▸ What needs to be done
Transcribe the data below verbatim from the line with "Libro La edad" to the line with "vidaXL Okrogla blazina". Include both of those lines.

▸ Task data
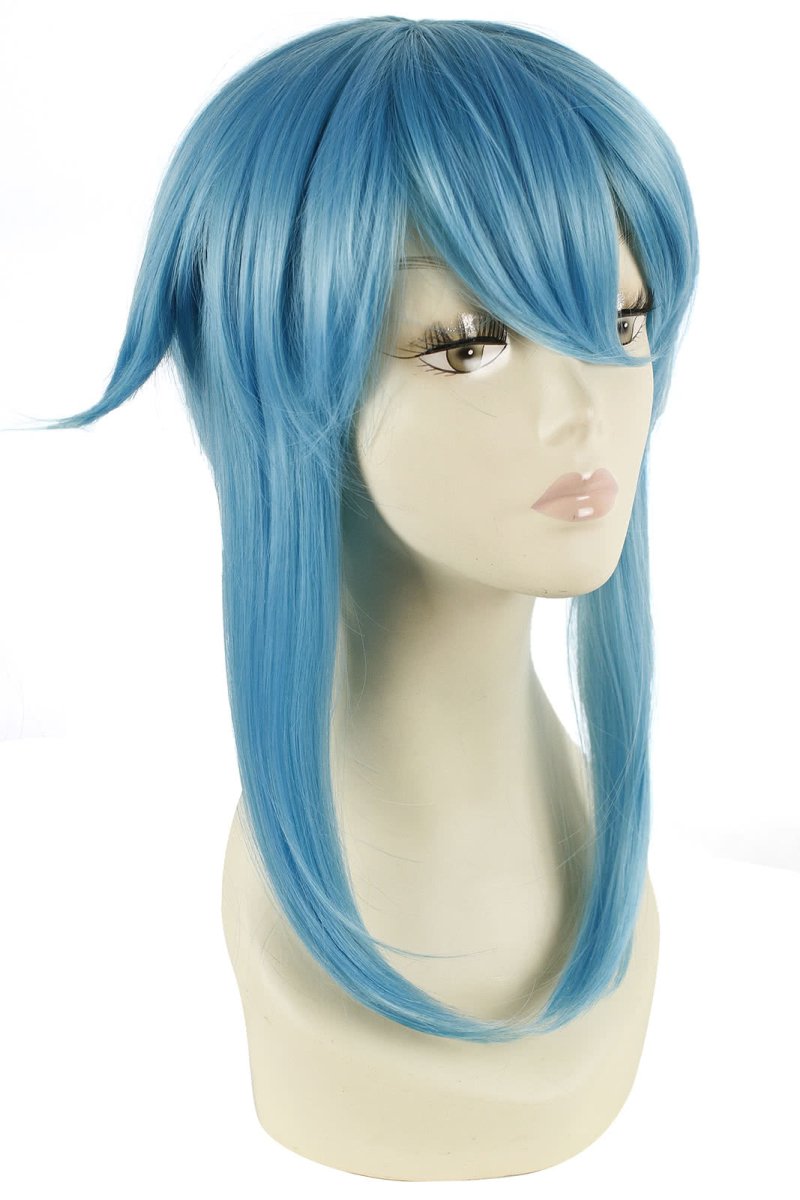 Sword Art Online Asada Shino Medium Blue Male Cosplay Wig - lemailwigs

* * *

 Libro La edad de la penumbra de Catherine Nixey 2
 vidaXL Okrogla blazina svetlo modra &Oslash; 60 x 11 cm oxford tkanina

* * *

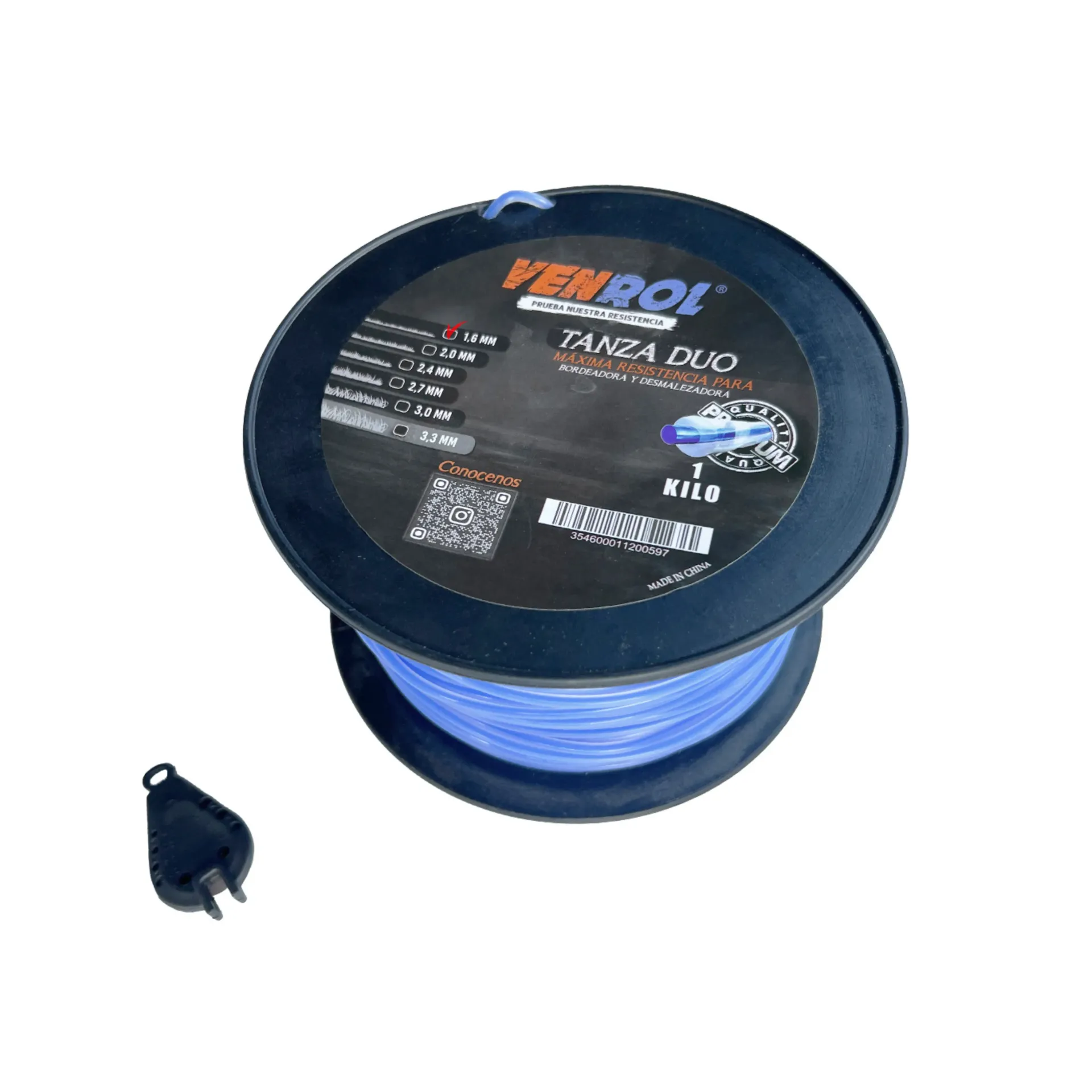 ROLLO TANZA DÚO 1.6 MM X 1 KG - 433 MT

▸ Solution for this exercise
 Libro La edad de la penumbra de Catherine Nixey 2
 vidaXL Okrogla blazina svetlo modra &Oslash; 60 x 11 cm oxford tkanina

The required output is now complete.